### WHAT YOU SHOULD DO
Lines from the one with "mgheewala_hrc's tweet photo." up to and including the one with "#maintenance #technician #refrigiration" are to be copied exactly from the records below, without their pictures.

### RECORDS SUPPLIED
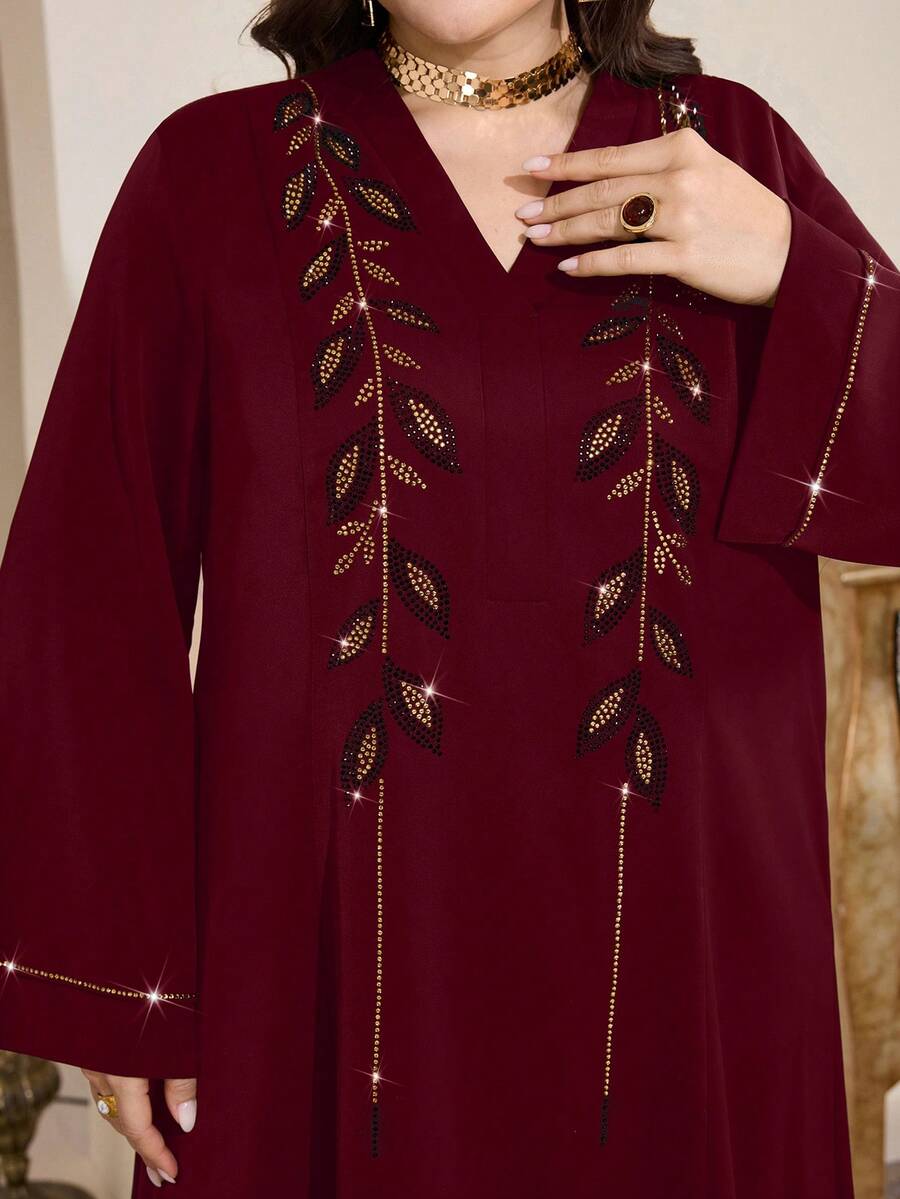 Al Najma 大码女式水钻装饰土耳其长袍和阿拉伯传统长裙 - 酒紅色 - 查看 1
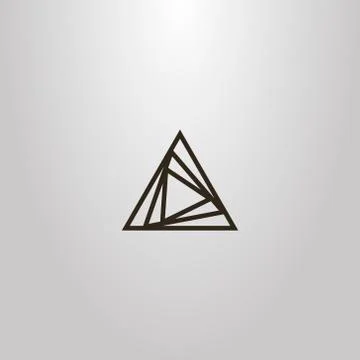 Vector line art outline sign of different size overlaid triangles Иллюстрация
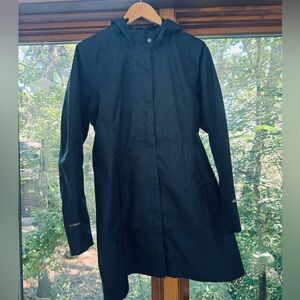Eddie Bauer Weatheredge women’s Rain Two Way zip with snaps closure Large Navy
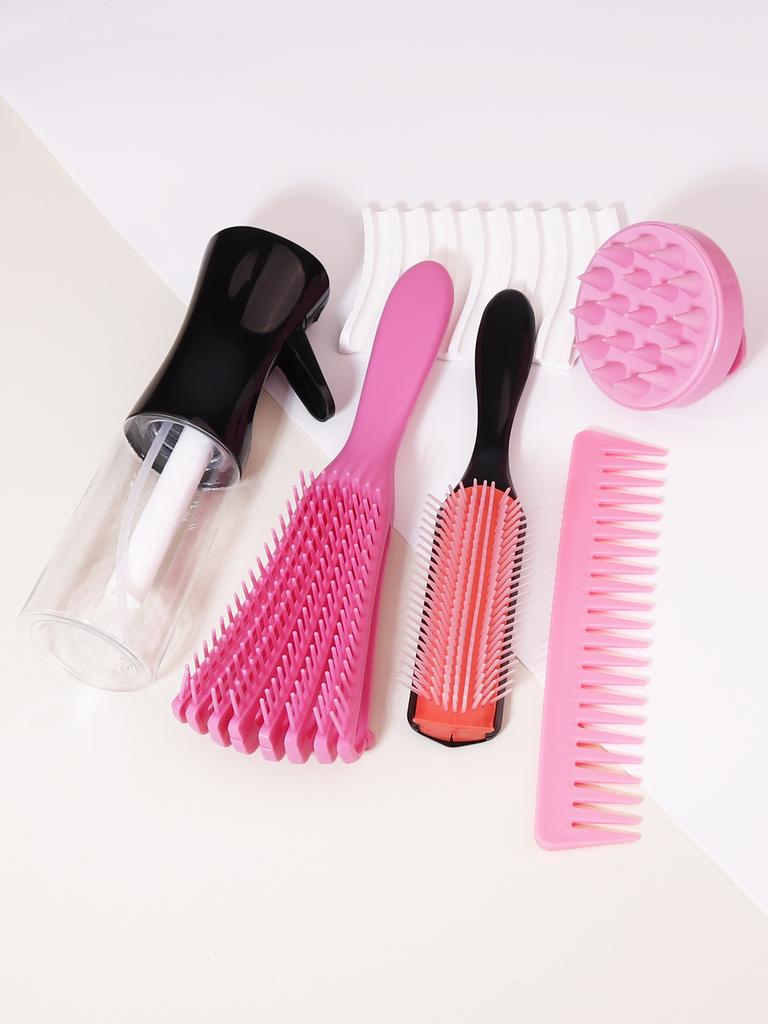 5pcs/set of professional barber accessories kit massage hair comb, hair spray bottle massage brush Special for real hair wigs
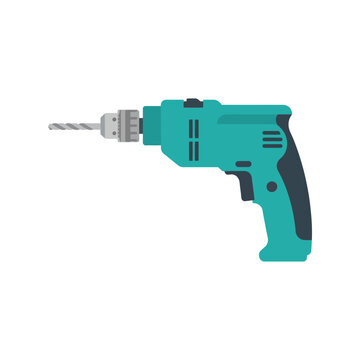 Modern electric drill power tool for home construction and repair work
---
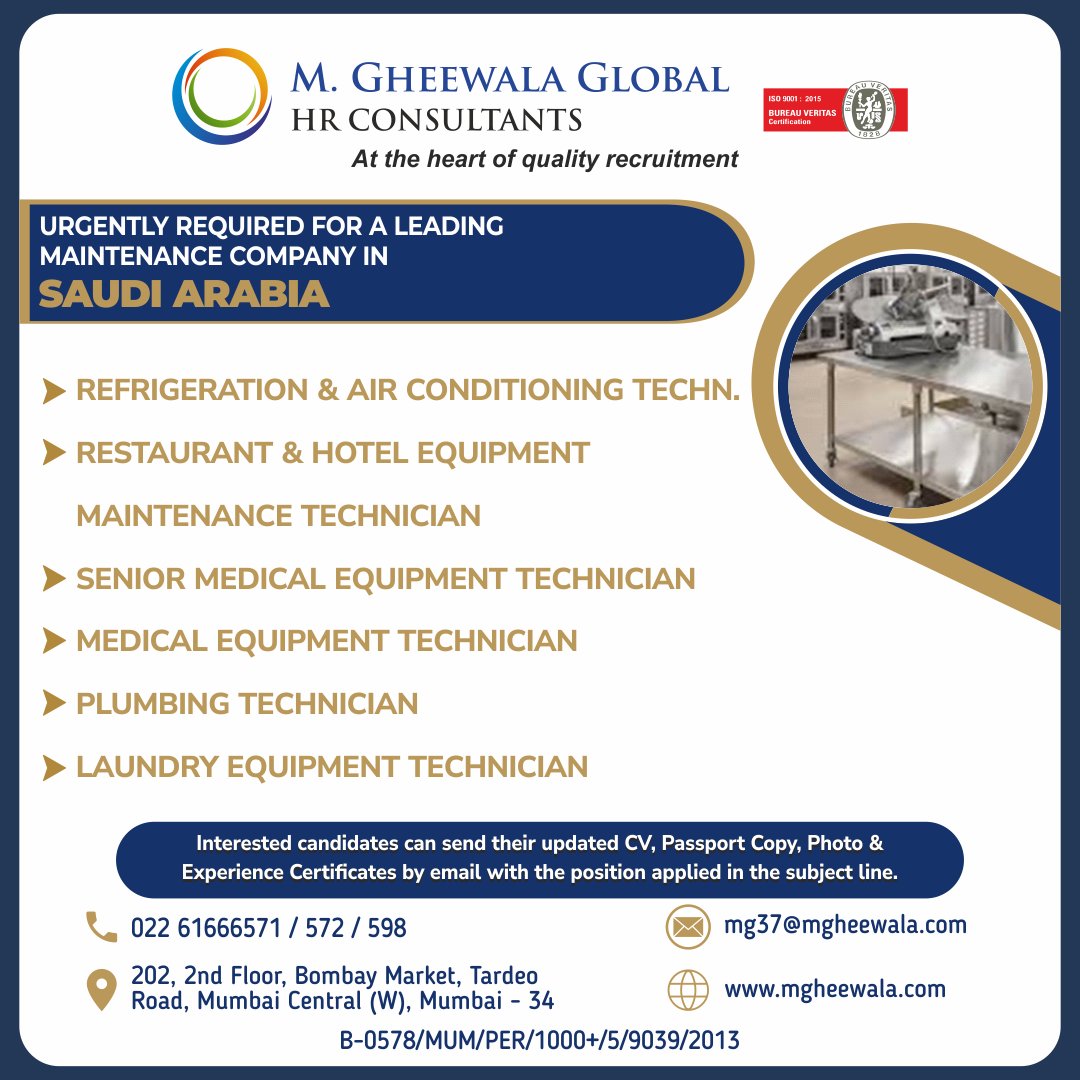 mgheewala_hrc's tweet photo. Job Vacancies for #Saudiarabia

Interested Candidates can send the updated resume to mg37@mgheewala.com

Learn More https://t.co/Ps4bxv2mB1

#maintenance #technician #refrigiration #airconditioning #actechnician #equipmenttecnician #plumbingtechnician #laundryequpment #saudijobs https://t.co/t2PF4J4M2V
...
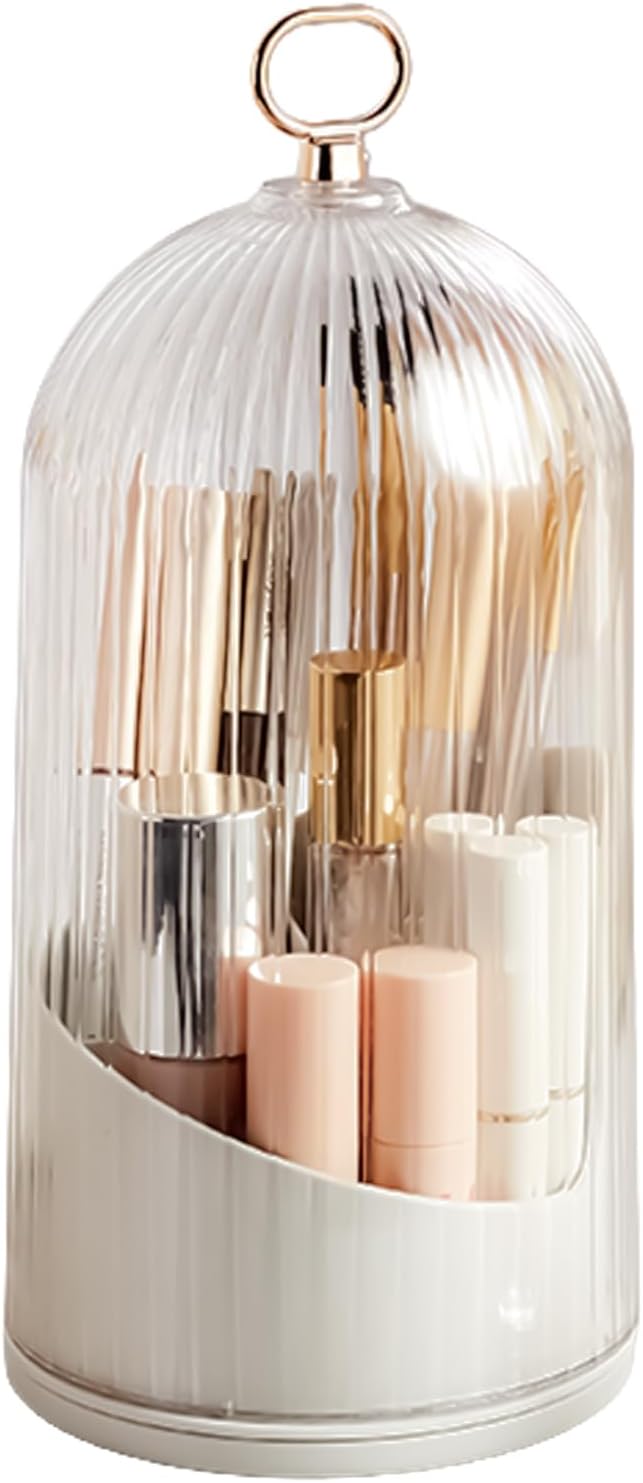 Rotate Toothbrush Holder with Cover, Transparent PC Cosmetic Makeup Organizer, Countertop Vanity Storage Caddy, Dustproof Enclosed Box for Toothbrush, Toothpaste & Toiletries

### SOLUTION TO THIS TASK
 mgheewala_hrc's tweet photo. Job Vacancies for #Saudiarabia

Interested Candidates can send the updated resume to mg37@mgheewala.com

Learn More https://t.co/Ps4bxv2mB1

#maintenance #technician #refrigiration #airconditioning #actechnician #equipmenttecnician #plumbingtechnician #laundryequpment #saudijobs https://t.co/t2PF4J4M2V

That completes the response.